Lenovo is a member of Lenovo Group, a global PC leader, and is committed to building a technology-driven, flexible, agile, first-class service experience intelligent logistics ecological platform, providing integrated logistics solutions for industrial enterprises, and becoming an intelligent supply chain technology enterprise serving Chinese and global customers. The big data team has gradually introduced a variety of OLAP analysis engines to better meet the needs. DorisDB stands out from the many OLAP analysis engines, which uses comprehensive vectorized computing technology to be a very powerful new generation MPP database.

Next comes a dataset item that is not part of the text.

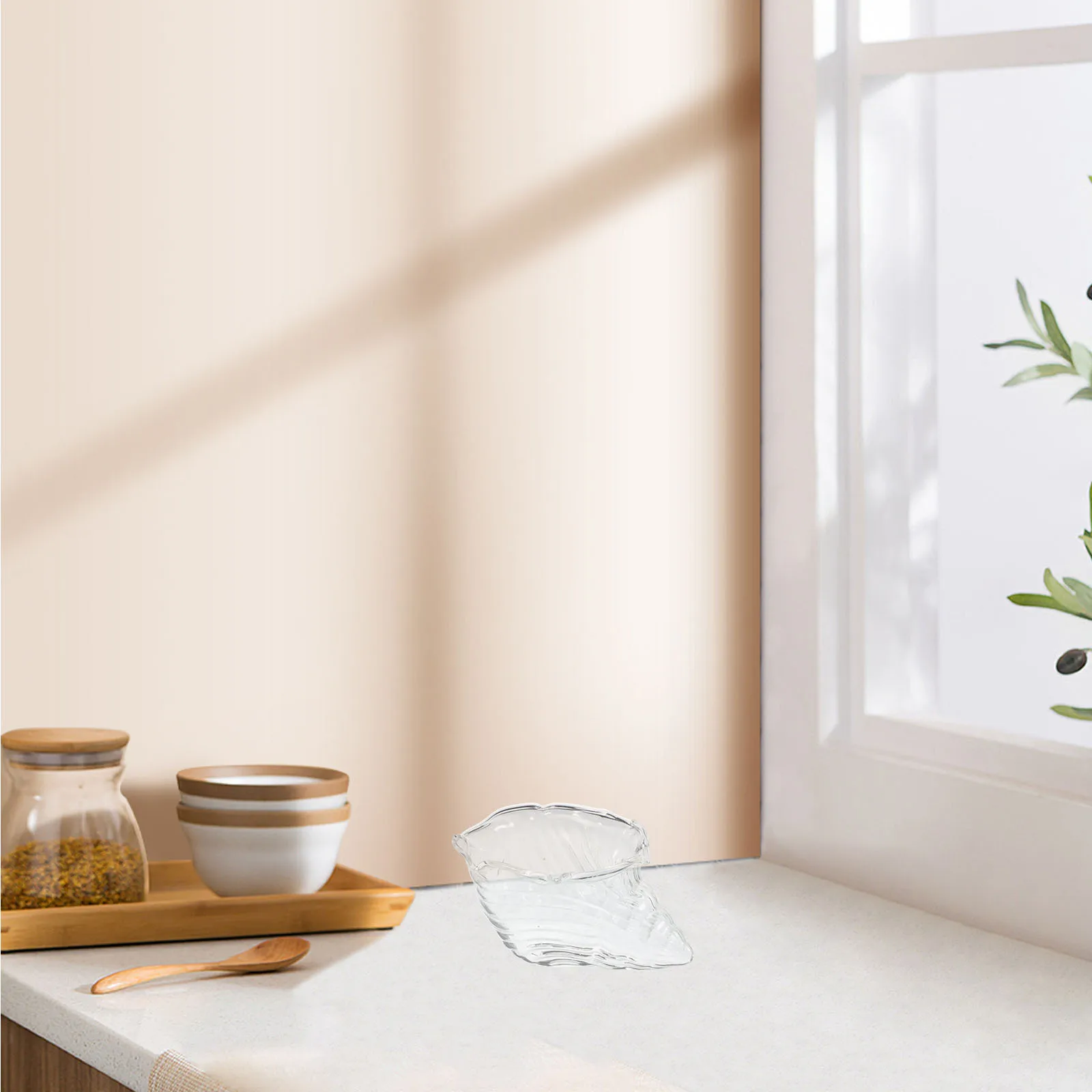 

Creative Conch Shaped Glass Bowl Versatile Use for Desserts Salads Jewelry Organizer Transparent Material Sushi Plate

Through the introduction of DorisDB, a new unified data service platform is built, which greatly reduces the complexity of data link development and greatly improves the efficiency of BI analysis.
,
The
evolution of OLAP engine in Lenovo
Phase I
Before 2018, the total amount of data of Liansheng Zhida is not particularly large, this stage uses the traditional relational database (SQL Server), the data warehouse system has not yet been established, and the implementation of many data requirements is met by the development of SQL scripts.
However, with the increasing complexity of the business and the rapid growth of data volumes, this model quickly hit a bottleneck. The most important thing is that the query response time is getting slower and slower. For example, a task that used to take 10 minutes or 20 minutes to run now takes an hour or more, and the query efficiency is severely reduced. In addition, there are bottlenecks in data storage capacity, which cannot meet the data storage requirements that grow rapidly with the business.
In the second phase
of
2019, as the data warehouse was built and improved on the Hadoop/Hive system, ETL tasks were all transferred to the Hadoop cluster, and dozens of Presto were used to complete OLAP analysis in this stage. Presto naturally shares metadata information with Hive and uses physical data storage together, and flexible queries for a large number of logarithmic bins are done using Presto. The front-end BI layer uses Tableau to directly connect to Presto to achieve data analysis and mining.
In the third stage
,
in 2021, the Liansheng big data team carried out the overall design and construction of the offline data warehouse, which not only needed to do low-latency BI reports, but also meet the complex queries of Adhoc, and also had high requirements for efficient detailed queries. At this stage, we introduce the hot DorisDB product in the OLAP circle according to the scenario, which can not only do Presto’s Adhoc multi-table association query and complex nested subquery, but also provide better single-indicator detailed query and multi-dimensional materialized view volume acceleration than ClickHouse to meet the needs of ultra-fast BI analysis.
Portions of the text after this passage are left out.